Abstract

SPADnet is a sensor platform for the detection and processing of gamma photons generated in a PET system. SPADnet uses the novel technique of deferred coincidence detection, whereas timestamps associated with gamma events and their energy are routed at high speed (up to 3.3 million events per second) over a 2Gbps network, along with synchronization information. In this work, we describe SPADnet's key building block, a tile of SPADnet-I chips. SPADnet-I is a 50 mm2, 8x16 pixel digital SiPM where each pixel includes an array of 720 SPADs and the logic to count photons and record their arrival time. A fill factor of 42.9% is achieved. A distributed adder provides the number of photons detected throughout the whole array every 10 ns. On-chip triggering logic monitors this value in real time to discriminate gamma events from dark counts. The chip features a 10.8% energy resolution and a CRT of 288ps when coupled to a 3x3x10 mm3 LYSO crystal. High spatial resolution is obtained by combining the data generated by each pixel to efficiently locate the gamma absorption in the 2D space even when coupled to large arrays of crystal needles as small as 1.12x1.12mm2. The tile is built on a 5x5 array of SPADnet-I sensors.

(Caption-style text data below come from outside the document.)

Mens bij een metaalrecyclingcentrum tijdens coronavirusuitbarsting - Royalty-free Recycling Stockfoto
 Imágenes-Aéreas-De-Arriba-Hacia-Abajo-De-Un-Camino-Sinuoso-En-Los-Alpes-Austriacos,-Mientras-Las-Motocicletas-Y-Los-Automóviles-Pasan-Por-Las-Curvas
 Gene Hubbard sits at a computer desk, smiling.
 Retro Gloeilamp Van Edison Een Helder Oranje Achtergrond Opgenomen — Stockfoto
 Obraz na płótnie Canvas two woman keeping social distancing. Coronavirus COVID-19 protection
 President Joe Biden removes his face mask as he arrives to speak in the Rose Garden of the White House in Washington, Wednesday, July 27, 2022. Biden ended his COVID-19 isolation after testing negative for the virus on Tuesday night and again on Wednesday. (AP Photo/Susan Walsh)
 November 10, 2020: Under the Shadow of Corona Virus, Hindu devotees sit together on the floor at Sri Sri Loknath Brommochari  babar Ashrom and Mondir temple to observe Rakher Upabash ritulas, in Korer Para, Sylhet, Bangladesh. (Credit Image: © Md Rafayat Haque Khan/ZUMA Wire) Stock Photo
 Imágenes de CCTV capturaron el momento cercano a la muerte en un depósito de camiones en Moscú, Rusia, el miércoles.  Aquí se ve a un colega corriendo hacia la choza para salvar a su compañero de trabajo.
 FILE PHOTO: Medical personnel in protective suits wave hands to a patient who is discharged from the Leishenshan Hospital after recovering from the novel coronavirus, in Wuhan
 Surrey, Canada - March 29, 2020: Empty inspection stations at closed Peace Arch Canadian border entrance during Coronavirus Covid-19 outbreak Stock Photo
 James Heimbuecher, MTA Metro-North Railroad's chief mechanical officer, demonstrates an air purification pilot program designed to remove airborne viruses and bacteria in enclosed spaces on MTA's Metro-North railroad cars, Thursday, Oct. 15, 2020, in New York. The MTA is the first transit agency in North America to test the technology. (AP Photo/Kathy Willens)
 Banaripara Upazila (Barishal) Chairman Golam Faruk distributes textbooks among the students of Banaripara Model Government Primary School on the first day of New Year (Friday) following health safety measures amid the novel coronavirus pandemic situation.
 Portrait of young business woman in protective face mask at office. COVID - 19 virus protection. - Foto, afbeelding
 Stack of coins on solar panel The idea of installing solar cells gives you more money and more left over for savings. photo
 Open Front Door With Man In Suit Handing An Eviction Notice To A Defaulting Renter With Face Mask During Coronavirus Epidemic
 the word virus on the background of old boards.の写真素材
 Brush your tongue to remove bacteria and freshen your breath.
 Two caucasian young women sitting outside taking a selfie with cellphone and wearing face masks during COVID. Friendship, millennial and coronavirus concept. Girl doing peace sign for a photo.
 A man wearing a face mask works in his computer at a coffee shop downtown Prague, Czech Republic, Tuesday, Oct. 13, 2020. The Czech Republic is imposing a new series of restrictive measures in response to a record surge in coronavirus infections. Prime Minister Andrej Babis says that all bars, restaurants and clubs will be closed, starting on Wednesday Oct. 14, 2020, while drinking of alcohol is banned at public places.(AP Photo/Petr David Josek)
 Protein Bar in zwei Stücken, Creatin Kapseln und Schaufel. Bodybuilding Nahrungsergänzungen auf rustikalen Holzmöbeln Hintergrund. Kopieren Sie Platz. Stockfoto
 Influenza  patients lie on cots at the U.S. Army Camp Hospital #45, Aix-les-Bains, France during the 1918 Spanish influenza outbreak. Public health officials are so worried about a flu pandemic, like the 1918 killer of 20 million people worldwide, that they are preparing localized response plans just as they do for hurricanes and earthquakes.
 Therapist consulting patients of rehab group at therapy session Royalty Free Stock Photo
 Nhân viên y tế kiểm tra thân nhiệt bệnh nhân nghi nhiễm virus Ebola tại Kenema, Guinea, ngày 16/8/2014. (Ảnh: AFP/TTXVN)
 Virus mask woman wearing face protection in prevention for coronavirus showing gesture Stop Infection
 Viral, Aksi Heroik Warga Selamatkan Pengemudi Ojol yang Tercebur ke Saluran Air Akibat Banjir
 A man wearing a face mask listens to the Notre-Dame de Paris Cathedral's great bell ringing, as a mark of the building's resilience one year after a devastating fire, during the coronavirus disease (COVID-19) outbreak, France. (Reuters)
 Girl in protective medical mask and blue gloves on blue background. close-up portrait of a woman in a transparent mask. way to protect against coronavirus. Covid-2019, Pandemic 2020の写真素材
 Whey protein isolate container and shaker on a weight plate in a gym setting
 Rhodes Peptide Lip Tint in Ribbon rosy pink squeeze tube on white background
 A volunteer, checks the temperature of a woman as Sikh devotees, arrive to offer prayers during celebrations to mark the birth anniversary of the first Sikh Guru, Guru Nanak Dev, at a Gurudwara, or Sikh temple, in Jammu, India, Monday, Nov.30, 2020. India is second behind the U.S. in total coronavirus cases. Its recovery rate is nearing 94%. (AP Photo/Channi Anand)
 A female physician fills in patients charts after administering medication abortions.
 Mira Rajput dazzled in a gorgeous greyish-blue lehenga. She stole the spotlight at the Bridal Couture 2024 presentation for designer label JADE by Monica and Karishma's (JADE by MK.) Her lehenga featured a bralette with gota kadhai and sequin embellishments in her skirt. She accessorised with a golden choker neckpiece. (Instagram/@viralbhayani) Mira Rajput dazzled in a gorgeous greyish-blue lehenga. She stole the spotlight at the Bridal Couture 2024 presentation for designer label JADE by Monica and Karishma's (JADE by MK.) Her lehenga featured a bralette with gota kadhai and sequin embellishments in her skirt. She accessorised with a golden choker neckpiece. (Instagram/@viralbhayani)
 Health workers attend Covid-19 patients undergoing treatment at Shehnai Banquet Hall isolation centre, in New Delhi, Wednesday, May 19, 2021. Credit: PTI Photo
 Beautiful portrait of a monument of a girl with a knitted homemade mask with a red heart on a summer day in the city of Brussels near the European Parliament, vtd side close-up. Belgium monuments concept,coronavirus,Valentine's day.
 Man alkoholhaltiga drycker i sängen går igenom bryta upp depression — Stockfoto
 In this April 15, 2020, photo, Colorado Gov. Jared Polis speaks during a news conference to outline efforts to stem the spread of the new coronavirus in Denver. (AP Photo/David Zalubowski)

A Xilinx Spartan6 FPGA controls the whole module and monitors the gamma activity across the 25 sensors. Here, the large amount of data generated for each detected gamma is processed in real time to extract energy, position and time-of-arrival. Pile-up detection and energy windowing are applied to the events, which are then fed to a network of tiles for coincidence detection. A centralized snooper recognizes coincidence pairs while thermal, Compton, and single events are discarded. The system is inherently scalable, as it enables single- or multi-rings of photonic modules for potentially large PET systems.